Viaggiamo per piacere, per lavoro, per evadere della routine, per la sete di conoscenza e per curiosità. Viaggiamo cercando l’offerta migliore e l’albergo più bello, salvo poi trovare sempre un motivo per lamentarci di quanto ritardo facciano sempre i voli, e i bagagli che non arrivano mai, ed i treni in cui l’aria condizionata è troppo alta. E poi la macchina: che noia tutte quelle ore e poi che traffico.

Ecco, questi più o meno siamo noi. E non è una colpa essere noi. Ma nel mondo ci sono altri tipi di viaggiatori, persone che viaggiano non per piacere, per lavoro o per curiosità, viaggiano per disperazione.
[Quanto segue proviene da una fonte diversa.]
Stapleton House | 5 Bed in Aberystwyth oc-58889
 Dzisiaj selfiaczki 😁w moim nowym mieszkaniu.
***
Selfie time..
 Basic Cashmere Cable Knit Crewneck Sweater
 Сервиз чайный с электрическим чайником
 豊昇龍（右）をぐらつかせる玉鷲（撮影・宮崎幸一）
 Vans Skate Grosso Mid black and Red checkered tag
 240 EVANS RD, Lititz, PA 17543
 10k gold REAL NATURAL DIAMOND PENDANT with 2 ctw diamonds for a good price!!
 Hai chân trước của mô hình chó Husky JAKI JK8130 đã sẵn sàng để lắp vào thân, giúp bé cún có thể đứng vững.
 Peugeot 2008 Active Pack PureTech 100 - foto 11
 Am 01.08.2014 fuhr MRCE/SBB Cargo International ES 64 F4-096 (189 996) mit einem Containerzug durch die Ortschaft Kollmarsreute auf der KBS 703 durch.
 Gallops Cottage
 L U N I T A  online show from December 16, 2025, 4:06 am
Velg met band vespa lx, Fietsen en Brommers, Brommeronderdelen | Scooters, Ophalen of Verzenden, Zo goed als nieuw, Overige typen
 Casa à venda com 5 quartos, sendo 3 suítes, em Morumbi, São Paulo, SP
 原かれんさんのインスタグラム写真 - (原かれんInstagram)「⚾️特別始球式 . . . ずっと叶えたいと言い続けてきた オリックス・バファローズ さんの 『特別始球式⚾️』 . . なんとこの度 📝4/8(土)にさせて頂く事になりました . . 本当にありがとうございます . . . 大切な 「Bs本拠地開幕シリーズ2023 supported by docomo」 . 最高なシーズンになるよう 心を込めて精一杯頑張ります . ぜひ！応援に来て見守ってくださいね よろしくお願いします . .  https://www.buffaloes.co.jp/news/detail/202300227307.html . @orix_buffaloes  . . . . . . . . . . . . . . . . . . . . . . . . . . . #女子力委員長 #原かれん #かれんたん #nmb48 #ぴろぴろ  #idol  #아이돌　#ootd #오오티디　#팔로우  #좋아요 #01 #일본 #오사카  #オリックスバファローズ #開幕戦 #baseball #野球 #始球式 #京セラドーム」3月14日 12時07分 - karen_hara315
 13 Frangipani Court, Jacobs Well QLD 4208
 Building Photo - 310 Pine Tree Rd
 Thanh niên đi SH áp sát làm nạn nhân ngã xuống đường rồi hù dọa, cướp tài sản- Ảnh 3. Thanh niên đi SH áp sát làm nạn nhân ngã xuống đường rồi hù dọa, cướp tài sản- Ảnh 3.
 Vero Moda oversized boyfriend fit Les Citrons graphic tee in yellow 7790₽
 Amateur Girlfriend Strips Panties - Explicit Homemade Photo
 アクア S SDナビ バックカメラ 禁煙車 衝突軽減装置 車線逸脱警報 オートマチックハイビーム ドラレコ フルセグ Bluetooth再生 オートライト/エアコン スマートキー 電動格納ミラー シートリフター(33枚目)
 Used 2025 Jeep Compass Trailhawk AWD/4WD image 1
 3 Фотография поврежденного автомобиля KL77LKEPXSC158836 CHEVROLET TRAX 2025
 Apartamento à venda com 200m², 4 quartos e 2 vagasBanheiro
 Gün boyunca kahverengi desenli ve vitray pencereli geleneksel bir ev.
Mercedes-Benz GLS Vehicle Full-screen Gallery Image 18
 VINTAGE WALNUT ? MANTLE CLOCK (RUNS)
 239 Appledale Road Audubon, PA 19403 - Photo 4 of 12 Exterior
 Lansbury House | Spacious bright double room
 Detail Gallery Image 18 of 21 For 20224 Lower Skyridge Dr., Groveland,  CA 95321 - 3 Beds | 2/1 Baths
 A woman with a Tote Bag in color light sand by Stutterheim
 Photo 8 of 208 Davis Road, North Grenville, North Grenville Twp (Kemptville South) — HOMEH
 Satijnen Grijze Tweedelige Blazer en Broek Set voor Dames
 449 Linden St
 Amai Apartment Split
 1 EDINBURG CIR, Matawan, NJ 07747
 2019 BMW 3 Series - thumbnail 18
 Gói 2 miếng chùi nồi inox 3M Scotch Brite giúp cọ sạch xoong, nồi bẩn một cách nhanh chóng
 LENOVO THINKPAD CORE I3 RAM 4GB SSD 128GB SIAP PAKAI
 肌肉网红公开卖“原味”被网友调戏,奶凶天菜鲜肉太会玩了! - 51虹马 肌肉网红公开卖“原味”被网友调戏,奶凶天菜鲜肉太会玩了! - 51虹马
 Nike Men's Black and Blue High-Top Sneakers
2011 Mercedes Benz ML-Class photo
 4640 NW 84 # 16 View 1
E purtroppo il modo scelto per viaggiare che sta sempre più spopolando fra le popolazioni in fuga dall’Afganistan è quella attraverso i camion. 

Ragazzi che si attaccano sotto i tir, tenendosi,  con l’ausilio di cinghie, appesi alle assi. Viaggiano a poche decine di centimetri da terra, per tantissime ore, rischiando ogni secondo la vita. Nell’ultimo periodo la polizia stradale ha trovato tanti giovani profughi in transito nel nostro Paese in queste condizioni.

Poco tempo fa un ragazzo è stato segnalato da molti automobilisti sull’autostrada A1: viaggiava sotto ad un tir. Il camion che trasportava tessuti è bulgaro. I due autisti, incensurati, sono partiti dalla Turchia e ad Igomunitsa, in Grecia, hanno agganciato il rimorchio e si sono imbarcati per Brindisi. Il viaggio di questi ragazzi si snoda dall’Afganistan in direzione della Francia e dei Paesi del Nord Europa.

Un giovane fermato poco tempo fa a Terni ha raccontato a Sky Tg24:  “Ho 18 anni. Sono partito da solo dalla Grecia alla volta dell’Italia, ma non voglio restare qui. Ero diretto in Francia, a Parigi, ho i miei amici lì. I miei fratelli e mia madre si trovano invece in Svizzera. È stato duro viaggiare così a lungo, 22 ore, senza cibo né acqua, senza dormire. Sono fuggito da Kabul dieci mesi fa, ho attraversato l’Iran, la Turchia, spesso viaggiando a piedi. Sono stato in un campo a Idomeni, in Grecia, per sei mesi, e in nave ho raggiunto l’Italia. Ho contattato e pagato una persona, sono rimasto legato sotto al tir anche durante il viaggio verso l’Italia, ho pagato per questo 900 euro. Quello che ho vissuto nella mia vita -ha concluso- è stato molto più pericoloso di questo viaggio, in Afghanistan c’è la guerra civile e vorrei imparare il francese e ottenere documenti francesi. Voglio una vita sicura, in un mondo senza pericoli”.